> [Supplied data]
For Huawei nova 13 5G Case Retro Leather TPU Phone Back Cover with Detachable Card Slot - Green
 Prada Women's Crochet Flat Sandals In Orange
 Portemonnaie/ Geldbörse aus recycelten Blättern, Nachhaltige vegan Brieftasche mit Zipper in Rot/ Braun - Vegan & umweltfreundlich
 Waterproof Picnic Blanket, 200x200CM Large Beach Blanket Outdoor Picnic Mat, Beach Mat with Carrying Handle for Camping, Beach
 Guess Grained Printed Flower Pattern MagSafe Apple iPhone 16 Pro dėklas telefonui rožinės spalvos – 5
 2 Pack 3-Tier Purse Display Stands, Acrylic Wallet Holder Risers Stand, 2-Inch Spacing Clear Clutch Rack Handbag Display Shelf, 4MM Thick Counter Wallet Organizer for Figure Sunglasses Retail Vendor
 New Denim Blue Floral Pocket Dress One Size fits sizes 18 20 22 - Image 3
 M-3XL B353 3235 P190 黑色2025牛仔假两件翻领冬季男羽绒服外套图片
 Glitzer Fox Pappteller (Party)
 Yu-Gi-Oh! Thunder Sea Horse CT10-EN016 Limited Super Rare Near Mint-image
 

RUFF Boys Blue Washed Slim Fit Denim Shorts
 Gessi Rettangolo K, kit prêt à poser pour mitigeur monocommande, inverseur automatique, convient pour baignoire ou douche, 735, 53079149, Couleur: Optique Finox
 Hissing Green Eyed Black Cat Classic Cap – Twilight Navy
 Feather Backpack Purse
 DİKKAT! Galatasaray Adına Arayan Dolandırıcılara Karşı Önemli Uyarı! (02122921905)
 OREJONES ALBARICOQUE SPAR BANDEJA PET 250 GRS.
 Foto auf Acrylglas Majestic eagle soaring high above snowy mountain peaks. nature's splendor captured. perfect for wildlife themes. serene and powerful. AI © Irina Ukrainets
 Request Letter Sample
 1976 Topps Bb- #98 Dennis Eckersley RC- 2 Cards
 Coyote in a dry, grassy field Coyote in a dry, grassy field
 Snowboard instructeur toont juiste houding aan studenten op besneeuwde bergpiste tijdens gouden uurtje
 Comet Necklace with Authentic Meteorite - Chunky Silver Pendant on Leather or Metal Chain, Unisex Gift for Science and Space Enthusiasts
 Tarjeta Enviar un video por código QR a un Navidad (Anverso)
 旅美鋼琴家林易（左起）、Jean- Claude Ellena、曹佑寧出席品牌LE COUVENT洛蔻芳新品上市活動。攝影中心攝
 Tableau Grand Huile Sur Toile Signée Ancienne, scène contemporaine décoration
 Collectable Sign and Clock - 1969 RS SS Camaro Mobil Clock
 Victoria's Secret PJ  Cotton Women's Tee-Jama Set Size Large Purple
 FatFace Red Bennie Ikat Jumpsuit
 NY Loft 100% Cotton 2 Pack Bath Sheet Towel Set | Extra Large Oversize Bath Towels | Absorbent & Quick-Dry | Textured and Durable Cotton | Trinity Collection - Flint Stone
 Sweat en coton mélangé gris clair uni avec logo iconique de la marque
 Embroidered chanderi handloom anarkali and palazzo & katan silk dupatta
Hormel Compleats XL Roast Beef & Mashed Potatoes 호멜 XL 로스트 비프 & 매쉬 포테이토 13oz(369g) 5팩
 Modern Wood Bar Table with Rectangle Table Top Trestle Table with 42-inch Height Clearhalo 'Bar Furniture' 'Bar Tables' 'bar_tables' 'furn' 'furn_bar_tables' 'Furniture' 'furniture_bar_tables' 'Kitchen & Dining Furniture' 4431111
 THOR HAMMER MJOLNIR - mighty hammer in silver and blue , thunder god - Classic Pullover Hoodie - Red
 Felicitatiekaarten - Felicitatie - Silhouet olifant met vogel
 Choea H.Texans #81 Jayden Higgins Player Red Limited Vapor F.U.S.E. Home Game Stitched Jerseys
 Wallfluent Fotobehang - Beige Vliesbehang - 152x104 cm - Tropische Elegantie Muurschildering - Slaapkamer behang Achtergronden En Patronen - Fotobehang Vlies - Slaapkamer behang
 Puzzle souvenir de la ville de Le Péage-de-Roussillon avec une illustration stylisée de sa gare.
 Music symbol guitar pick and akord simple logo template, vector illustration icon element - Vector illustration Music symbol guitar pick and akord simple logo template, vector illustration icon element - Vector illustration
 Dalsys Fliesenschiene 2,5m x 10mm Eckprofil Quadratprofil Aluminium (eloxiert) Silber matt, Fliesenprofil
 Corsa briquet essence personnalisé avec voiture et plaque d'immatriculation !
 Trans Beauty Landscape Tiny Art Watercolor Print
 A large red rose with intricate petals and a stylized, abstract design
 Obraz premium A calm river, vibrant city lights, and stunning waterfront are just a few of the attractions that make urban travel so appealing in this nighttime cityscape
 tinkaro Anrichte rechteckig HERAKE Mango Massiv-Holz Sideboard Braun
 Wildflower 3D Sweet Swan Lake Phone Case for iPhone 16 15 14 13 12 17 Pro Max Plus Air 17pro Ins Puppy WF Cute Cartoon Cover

> [Your assignment]
Give back all the data exactly as it was written.

> [Answer for the task]
For Huawei nova 13 5G Case Retro Leather TPU Phone Back Cover with Detachable Card Slot - Green
 Prada Women's Crochet Flat Sandals In Orange
 Portemonnaie/ Geldbörse aus recycelten Blättern, Nachhaltige vegan Brieftasche mit Zipper in Rot/ Braun - Vegan & umweltfreundlich
 Waterproof Picnic Blanket, 200x200CM Large Beach Blanket Outdoor Picnic Mat, Beach Mat with Carrying Handle for Camping, Beach
 Guess Grained Printed Flower Pattern MagSafe Apple iPhone 16 Pro dėklas telefonui rožinės spalvos – 5
 2 Pack 3-Tier Purse Display Stands, Acrylic Wallet Holder Risers Stand, 2-Inch Spacing Clear Clutch Rack Handbag Display Shelf, 4MM Thick Counter Wallet Organizer for Figure Sunglasses Retail Vendor
 New Denim Blue Floral Pocket Dress One Size fits sizes 18 20 22 - Image 3
 M-3XL B353 3235 P190 黑色2025牛仔假两件翻领冬季男羽绒服外套图片
 Glitzer Fox Pappteller (Party)
 Yu-Gi-Oh! Thunder Sea Horse CT10-EN016 Limited Super Rare Near Mint-image
 

RUFF Boys Blue Washed Slim Fit Denim Shorts
 Gessi Rettangolo K, kit prêt à poser pour mitigeur monocommande, inverseur automatique, convient pour baignoire ou douche, 735, 53079149, Couleur: Optique Finox
 Hissing Green Eyed Black Cat Classic Cap – Twilight Navy
 Feather Backpack Purse
 DİKKAT! Galatasaray Adına Arayan Dolandırıcılara Karşı Önemli Uyarı! (02122921905)
 OREJONES ALBARICOQUE SPAR BANDEJA PET 250 GRS.
 Foto auf Acrylglas Majestic eagle soaring high above snowy mountain peaks. nature's splendor captured. perfect for wildlife themes. serene and powerful. AI © Irina Ukrainets
 Request Letter Sample
 1976 Topps Bb- #98 Dennis Eckersley RC- 2 Cards
 Coyote in a dry, grassy field Coyote in a dry, grassy field
 Snowboard instructeur toont juiste houding aan studenten op besneeuwde bergpiste tijdens gouden uurtje
 Comet Necklace with Authentic Meteorite - Chunky Silver Pendant on Leather or Metal Chain, Unisex Gift for Science and Space Enthusiasts
 Tarjeta Enviar un video por código QR a un Navidad (Anverso)
 旅美鋼琴家林易（左起）、Jean- Claude Ellena、曹佑寧出席品牌LE COUVENT洛蔻芳新品上市活動。攝影中心攝
 Tableau Grand Huile Sur Toile Signée Ancienne, scène contemporaine décoration
 Collectable Sign and Clock - 1969 RS SS Camaro Mobil Clock
 Victoria's Secret PJ  Cotton Women's Tee-Jama Set Size Large Purple
 FatFace Red Bennie Ikat Jumpsuit
 NY Loft 100% Cotton 2 Pack Bath Sheet Towel Set | Extra Large Oversize Bath Towels | Absorbent & Quick-Dry | Textured and Durable Cotton | Trinity Collection - Flint Stone
 Sweat en coton mélangé gris clair uni avec logo iconique de la marque
 Embroidered chanderi handloom anarkali and palazzo & katan silk dupatta
Hormel Compleats XL Roast Beef & Mashed Potatoes 호멜 XL 로스트 비프 & 매쉬 포테이토 13oz(369g) 5팩
 Modern Wood Bar Table with Rectangle Table Top Trestle Table with 42-inch Height Clearhalo 'Bar Furniture' 'Bar Tables' 'bar_tables' 'furn' 'furn_bar_tables' 'Furniture' 'furniture_bar_tables' 'Kitchen & Dining Furniture' 4431111
 THOR HAMMER MJOLNIR - mighty hammer in silver and blue , thunder god - Classic Pullover Hoodie - Red
 Felicitatiekaarten - Felicitatie - Silhouet olifant met vogel
 Choea H.Texans #81 Jayden Higgins Player Red Limited Vapor F.U.S.E. Home Game Stitched Jerseys
 Wallfluent Fotobehang - Beige Vliesbehang - 152x104 cm - Tropische Elegantie Muurschildering - Slaapkamer behang Achtergronden En Patronen - Fotobehang Vlies - Slaapkamer behang
 Puzzle souvenir de la ville de Le Péage-de-Roussillon avec une illustration stylisée de sa gare.
 Music symbol guitar pick and akord simple logo template, vector illustration icon element - Vector illustration Music symbol guitar pick and akord simple logo template, vector illustration icon element - Vector illustration
 Dalsys Fliesenschiene 2,5m x 10mm Eckprofil Quadratprofil Aluminium (eloxiert) Silber matt, Fliesenprofil
 Corsa briquet essence personnalisé avec voiture et plaque d'immatriculation !
 Trans Beauty Landscape Tiny Art Watercolor Print
 A large red rose with intricate petals and a stylized, abstract design
 Obraz premium A calm river, vibrant city lights, and stunning waterfront are just a few of the attractions that make urban travel so appealing in this nighttime cityscape
 tinkaro Anrichte rechteckig HERAKE Mango Massiv-Holz Sideboard Braun
 Wildflower 3D Sweet Swan Lake Phone Case for iPhone 16 15 14 13 12 17 Pro Max Plus Air 17pro Ins Puppy WF Cute Cartoon Cover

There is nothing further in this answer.